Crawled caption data

====

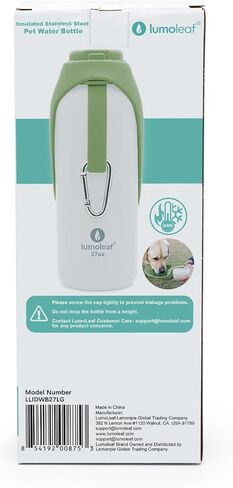 Lumoleaf معزول الكلب زجاجة مياه ماء 27 أوقية من الفولاذ المقاوم للصدأ - حافظ على الماء بارد أو دافئ ، وعاء مياه حيوان أليف محمولة للسفر ، ودليل تسرب على نطاق واسع لسهولة ملء الجليد وتنظيفه مياه الحيوانات الأليفة in Kuwait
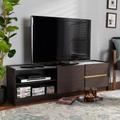 Baxton Studio Walker Modern and Contemporary Dark Brown and Gold Finished Wood TV Stand with Faux Marble Top - Wholesale Interiors LV25TV2512-Modi Wenge/Marble-TV
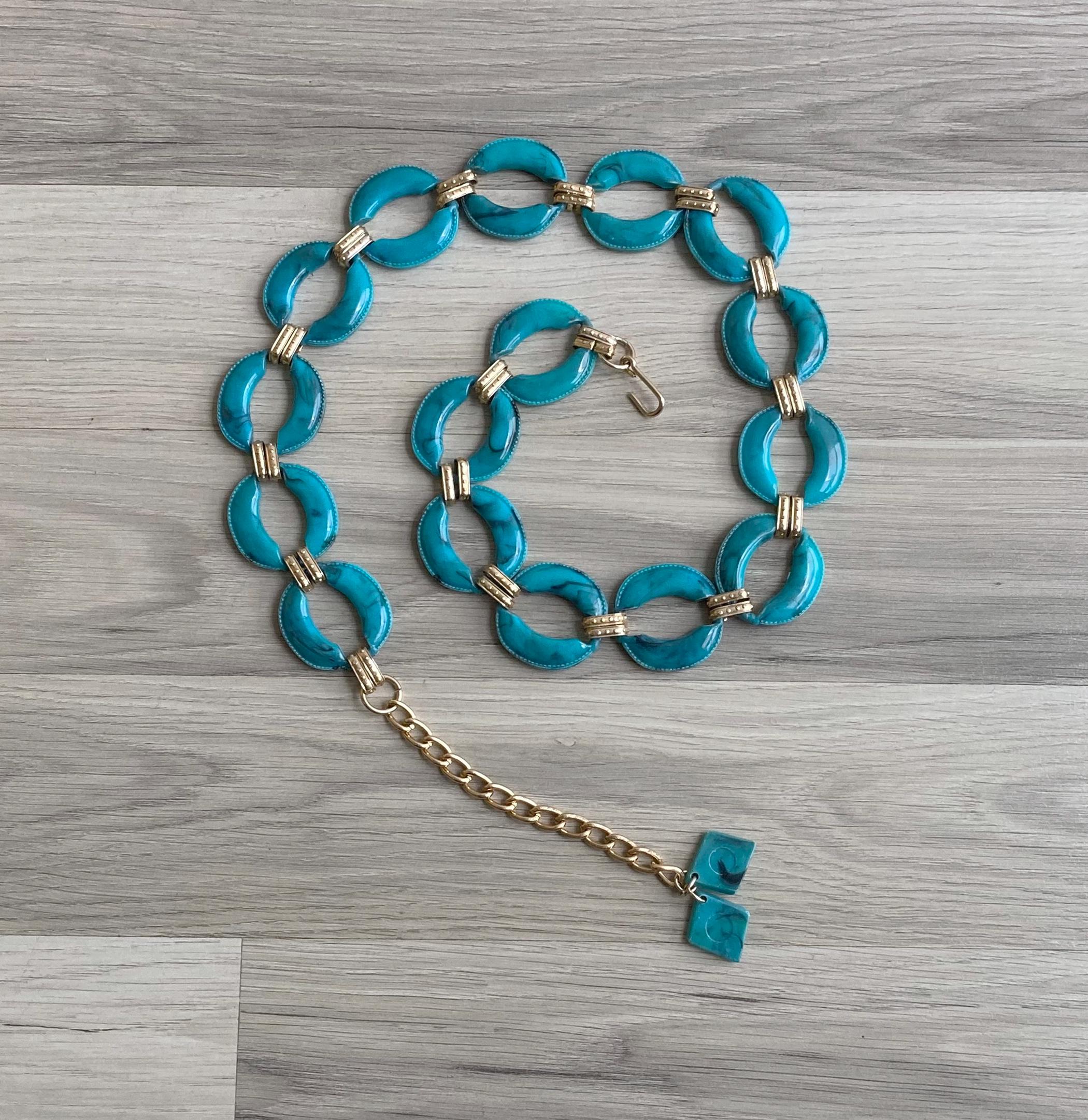 Vintage Bohemian Turquoise Stone Medallion Link Belt – Adjustable Navajo Turquoise Sterling Silver Linked Concho Belt —*Native  main image 2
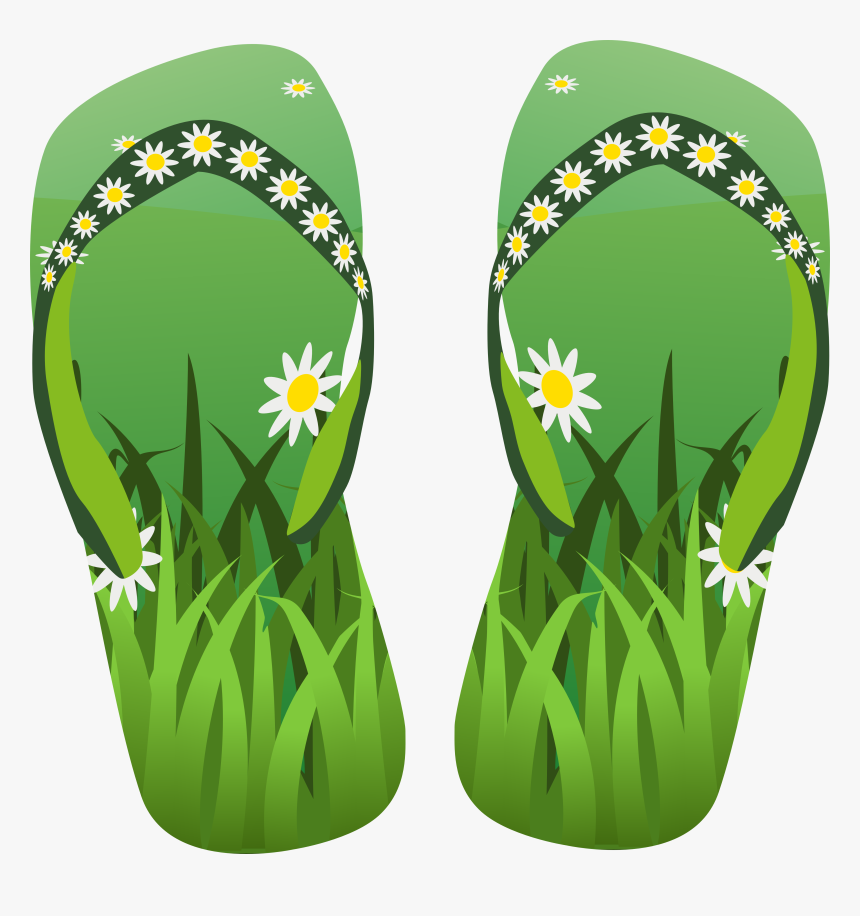Thong Green With Grass And Flowers Clip Arts - Green Flip Flops Clipart, HD Png Download, Free Download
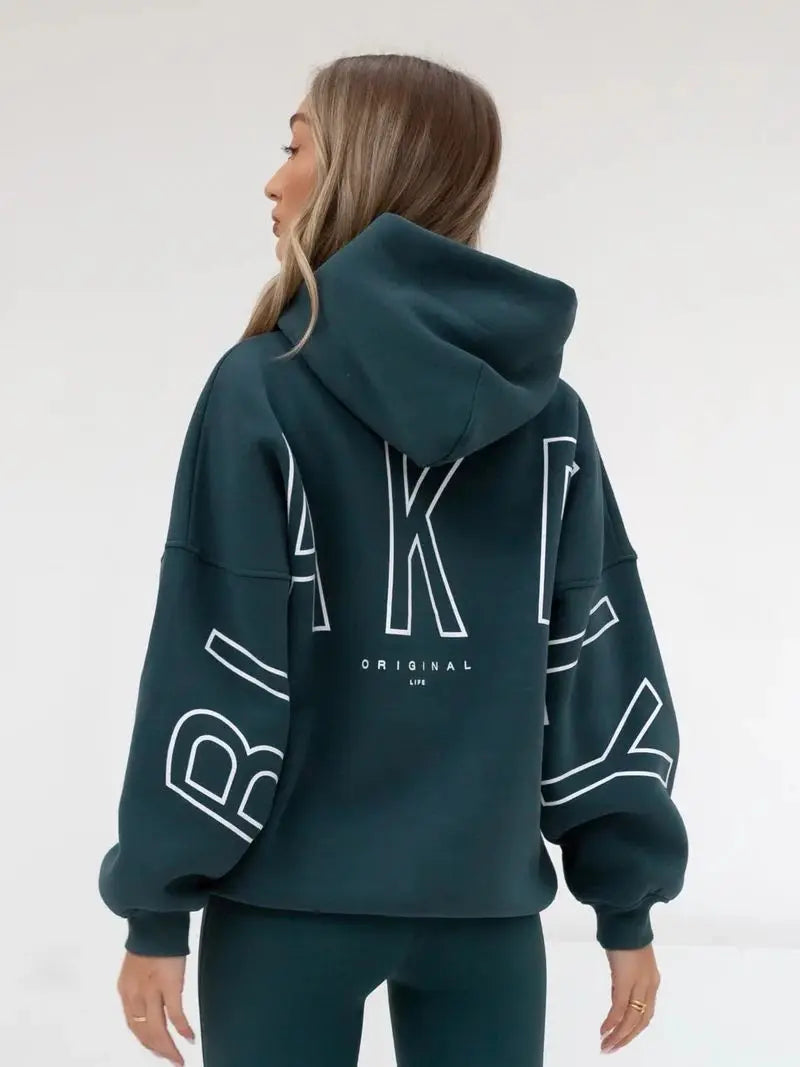 Dark green oversized hoodie men y2k with bold white outlined lettering on back and sleeves harajuku high street retro gothic punk style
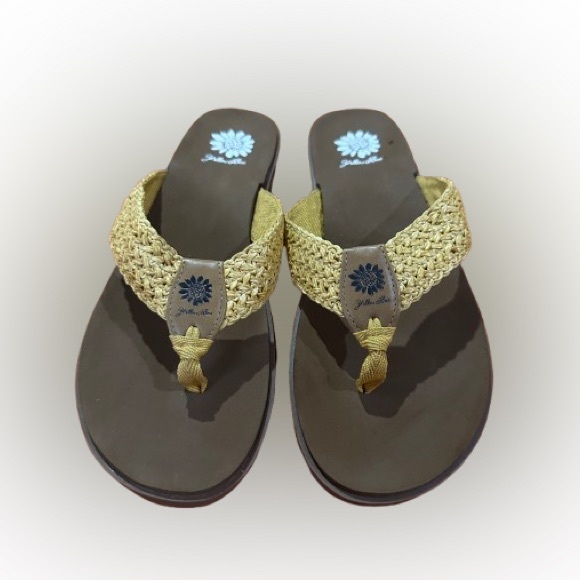 Yellow Box Woven Gold and Brown Sandals - Picture 1 of 7
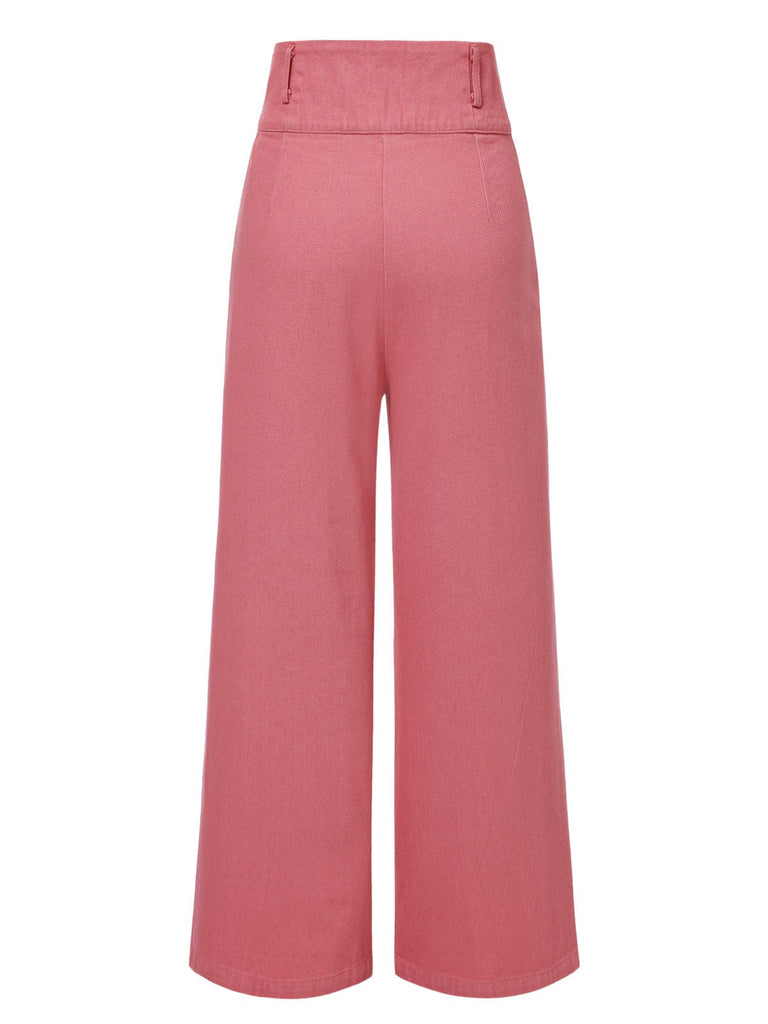 Rosa 1950er Baumwolle Rose Tasten Hosen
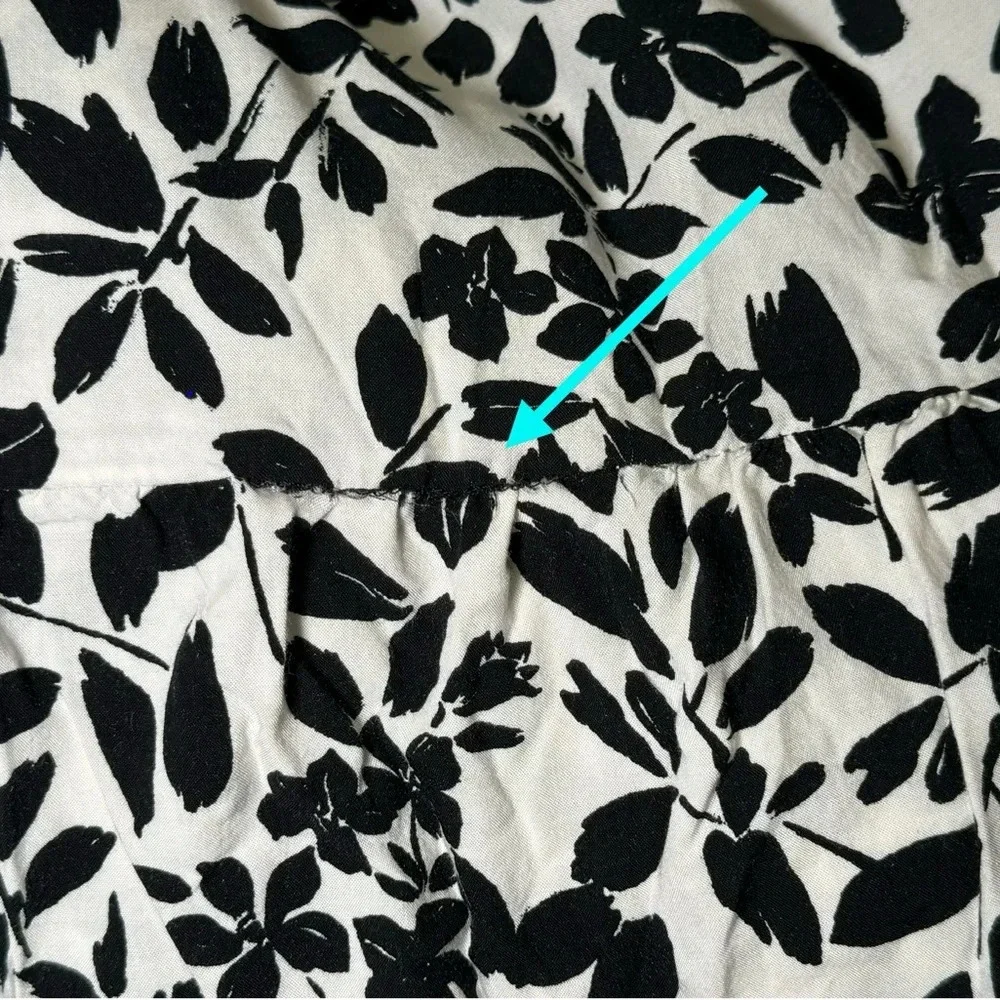 🌻 MNG Black & White Floral Midi Peasant Dress* Women’s size 6 Cottagecore - Picture 15 of 16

====

__What you have to do__:
Please output the records above exactly, without the pictures.

__Task answer__:
 Lumoleaf معزول الكلب زجاجة مياه ماء 27 أوقية من الفولاذ المقاوم للصدأ - حافظ على الماء بارد أو دافئ ، وعاء مياه حيوان أليف محمولة للسفر ، ودليل تسرب على نطاق واسع لسهولة ملء الجليد وتنظيفه مياه الحيوانات الأليفة in Kuwait
 Baxton Studio Walker Modern and Contemporary Dark Brown and Gold Finished Wood TV Stand with Faux Marble Top - Wholesale Interiors LV25TV2512-Modi Wenge/Marble-TV
 Vintage Bohemian Turquoise Stone Medallion Link Belt – Adjustable Navajo Turquoise Sterling Silver Linked Concho Belt —*Native  main image 2
Thong Green With Grass And Flowers Clip Arts - Green Flip Flops Clipart, HD Png Download, Free Download
 Dark green oversized hoodie men y2k with bold white outlined lettering on back and sleeves harajuku high street retro gothic punk style
 Yellow Box Woven Gold and Brown Sandals - Picture 1 of 7
 Rosa 1950er Baumwolle Rose Tasten Hosen
 🌻 MNG Black & White Floral Midi Peasant Dress* Women’s size 6 Cottagecore - Picture 15 of 16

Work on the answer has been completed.